Privacy-preserving federated transfer learning for enhanced liver lesion segmentation in PET-CT imaging.
Authors
Affiliations (5)
Affiliations (5)
- International Research Center for Complexity Sciences, Hangzhou International Innovation Institute, Beihang University, Hangzhou, 311115, China; Yangtze Delta Region Institute (Huzhou), University of Electronic Science and Technology of China, Huzhou, 313001, China; Department of Nuclear Medicine, Huzhou Central Hospital, Fifth School of Clinical Medicine of Zhejiang Chinese Medical University, Huzhou, 313001, China. Electronic address: [email protected].
- Yangtze Delta Region Institute (Huzhou), University of Electronic Science and Technology of China, Huzhou, 313001, China. Electronic address: [email protected].
- Institute of Big Data Analytics, Dalhousie University, Canada. Electronic address: [email protected].
- Computer Science Department, Sukkur IBA University, Pakistan. Electronic address: [email protected].
- Department of Nuclear Medicine, Huzhou Central Hospital, Fifth School of Clinical Medicine of Zhejiang Chinese Medical University, Huzhou, 313001, China. Electronic address: [email protected].
Abstract
Positron Emission Tomography-Computed Tomography (PET-CT) evolution is critical for liver lesion diagnosis.

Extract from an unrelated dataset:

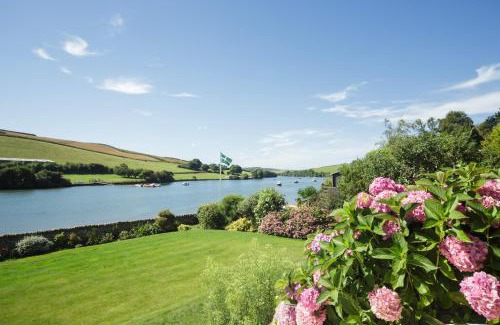 Chillington House | Seaflowers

However, data scarcity, privacy concerns, and cross-institutional imaging heterogeneity impede accurate deep learning model deployment. We propose a Federated Transfer Learning (FTL) framework that integrates federated learning's privacy-preserving collaboration with transfer learning's pre-trained model adaptation, enhancing liver lesion segmentation in PET-CT imaging. By leveraging a Feature Co-learning Block (FCB) and privacy-enhancing technologies (DP, HE), our approach ensures robust segmentation without sharing sensitive patient data. (1) A privacy-preserving FTL framework combining federated learning and adaptive transfer learning; (2) A multi-modal FCB for improved PET-CT feature integration; (3) Extensive evaluation across diverse institutions with privacy-enhancing technologies like Differential Privacy (DP) and Homomorphic Encryption (HE). Experiments on simulated multi-institutional PET-CT datasets demonstrate superior performance compared to baselines, with robust privacy guarantees. The FTL framework reduces data requirements and enhances generalizability, advancing liver lesion diagnostics.